Every year, the amount of time Americans spend walking declines. Driving, on the other hand, has slightly but steadily risen in popularity since 2008. During that period, the number of pedestrians killed by people in cars has skyrocketed.
As driving remains as a top mode of transportation in the U.S., pedestrians are increasingly at risk of injury and death — What are we doing about it? Will Asbury Park experience “bikelash” for additional bike lanes, complaints from drivers for possible slower, calmed traffic? Or will residents and visitors realize that Asbury Park is becoming a model of a city that builds infrastructure to save lives, and improve quality of life for everyone…?
Report: Pedestrian deaths continue decade-long climb
Jason Plautz January 23, 2018
A new report from Smart Growth America found there were 12,057 pedestrian deaths in 2016 and 2017 combined (6,080 and 5,977 deaths, respectively), the two highest totals on record since 1990.
The threat has been rising since a low of 4,109 deaths in 2009, a more than 35% increase. Over the past decade, pedestrian fatalities have happened at a rate of 13 per day, according to the report, which drew data from the federal Fatality Analysis Reporting System.
As new mobility options like shared bikes and scooters expand in cities, advocates warn that not enough is being done to design roads that can accommodate the full variety of travelers, leaving sidewalks and bike lanes crowded.
That’s especially pronounced in low-income and minority neighborhoods, which traditionally see less infrastructure investment. African Americans and American Indians were more likely to be at risk as pedestrians. Charles Brown, a researcher at Rutgers University’s Alan M. Voorhees Transportation Center, said that reflects the higher share of minority residents who have to walk to work, even in neighborhoods with “a lack of sidewalks and overall connectivity” and a “lack of complete streets.”
It was a huge success: Parking spots are now bike lanes, transit is fast and easy, and the streets (and local businesses) are full of people.
If you decide to drive in downtown Oslo, be forewarned: You won’t be able to park on the street. By the beginning of this year, the city finished removing more than 700 parking spots–replacing them with bike lanes, plants, tiny parks, and benches–as a major step toward a vision of a car-free city center.
The changes, unsurprisingly, have been met with some resistance, both from car owners and businesses. But while business owners initially worried about the city creating a ghost town that no one would visit, the opposite seems to be true; as in other cities that have converted some streets to pedestrian-only areas, the areas in Oslo that have been pedestrianized are some of the most popular parts of the city, Marcussen says. Last fall, after hundreds of parking spots had been removed, the city found that it had 10% more pedestrians in the center than the year before. “So that is telling me that we are doing something right,” she says.
Read about it!
In some states the DOT may show a lack vision in implementation of infrastructure for modes of transportation other than cars. Iowa is different. Check out the Iowa DOT video explaining the benefits of a road diet. Yes, Asbury Park will have a road diet on Main Street when the NJDOT project is completed. And yes, Asbury Park, as it’s been pointed out to us again and again is “unique and different”, and “we’re a city not a town”, etc. Whatever our distinctions, a road diet can work to reduce crashes and improve traffic flow with examples on thoroughfares all over the United States. Even the police and fire chiefs in the video admit that it works. *Our only objection is that the police chief refers to “accidents”, rather than the preferred, and accurate term “crashes”.

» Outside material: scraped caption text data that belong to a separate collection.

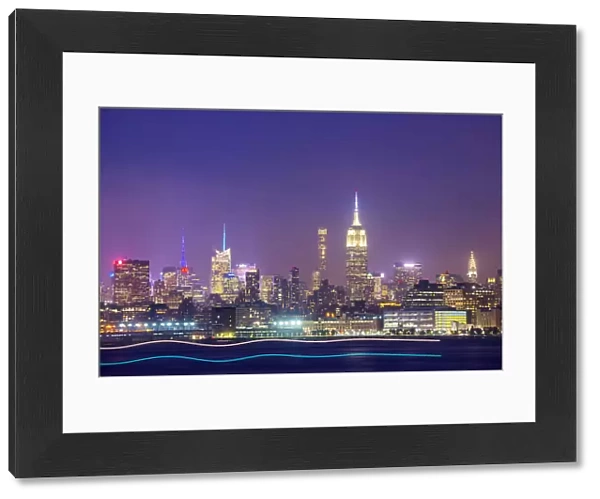 View of Manhattan skyline, New York, USA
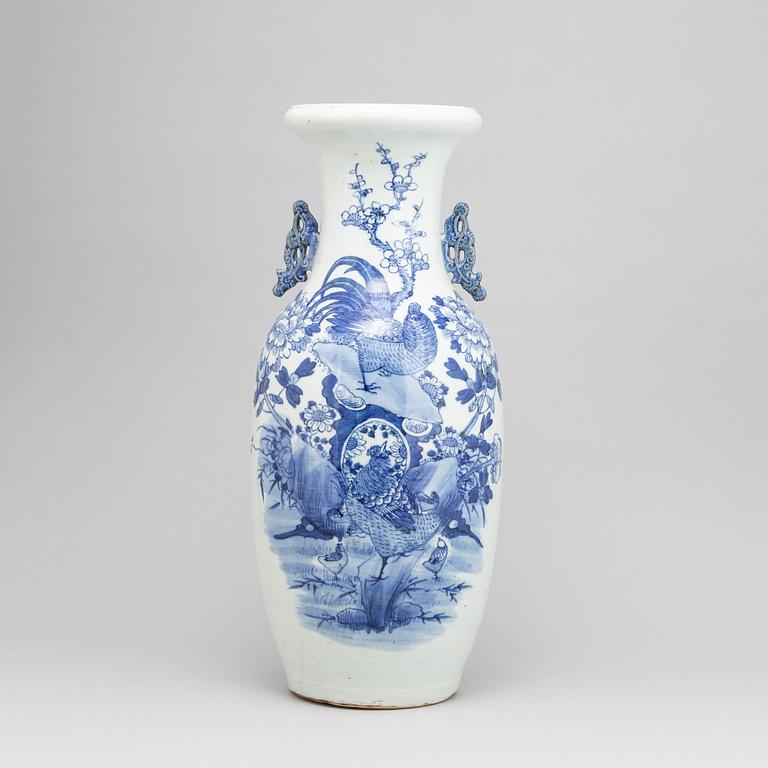 A Chinese blue and white porcelain vase, late Qing dynasty, 19th/20th century.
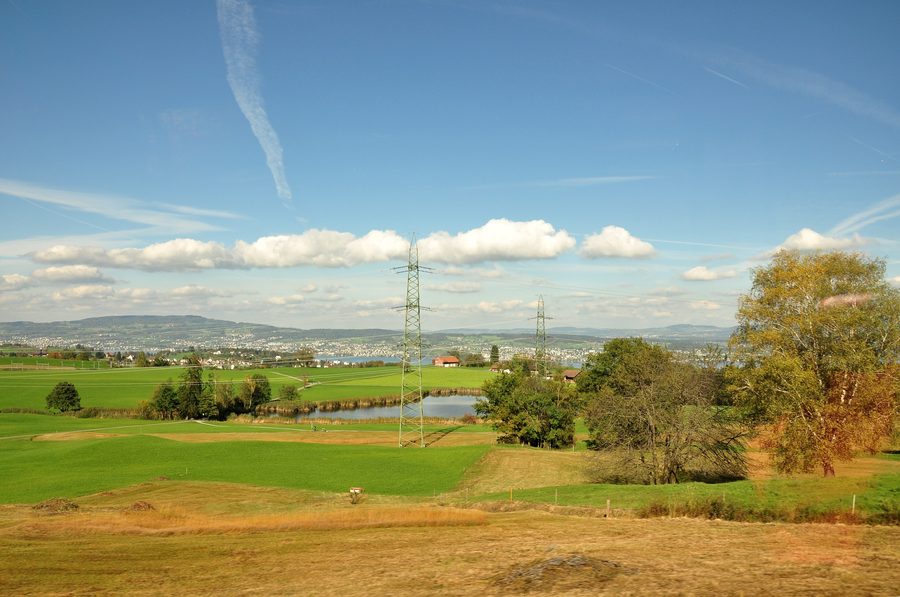 Itlimoosweiher presso Samstagern a Wollerau con paesaggio sullo sfondo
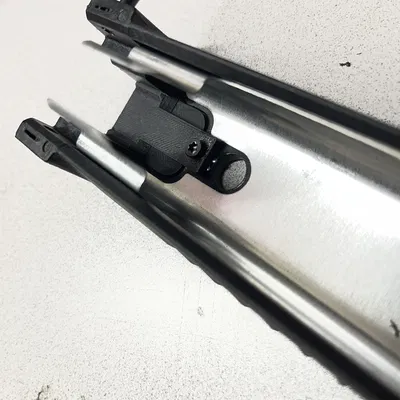 Miếng chặn khe lưỡi lê cho ốp tay Wolf T91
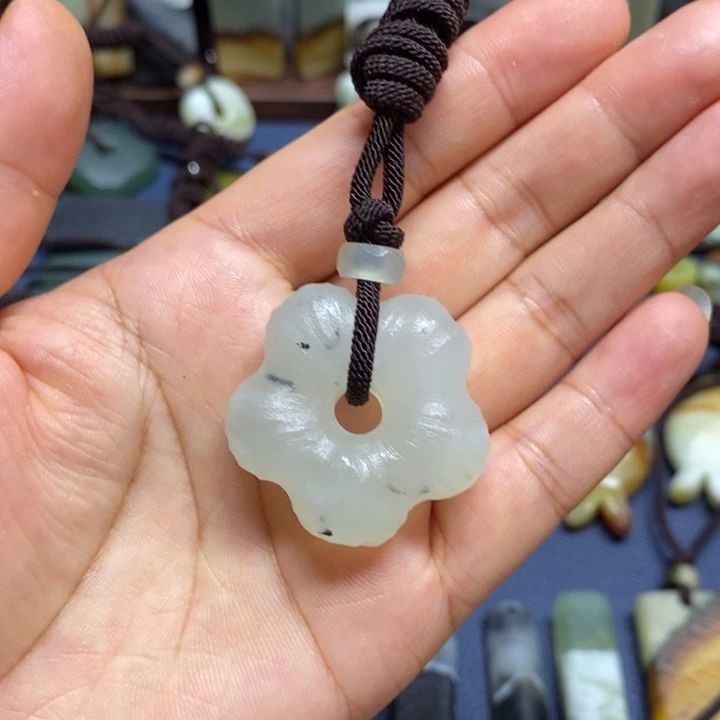 未镶嵌蛇纹石玉颈饰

Iowa DOT Helps Educate Citizens on the Value of a Road Diet
January 23, 2019
To give credit where credit is due: The Iowa DOT—which we’ve acknowledged before for forward thinking—clearly has some people who get the difference between how a high-speed road should function and how an urban street should function. But not just that: they’re also helping educate Iowans about that difference, with this video illustrating the benefits of a 4-to-3 lane conversion, a common type of road diet which turns a 4-lane street into a 2-lane street with a center turn lane—almost always slowing traffic and improving safety and economic vitality alike.
Watch the video!
Between 2008 and 2017 drivers struck and killed 49,340 people who were walking on streets all across the United States. That’s more than 13 people per day, or one person every hour and 46 minutes. The last two years on record (2016 and 2017) were the most deadly years for people killed by drivers while walking since 1990.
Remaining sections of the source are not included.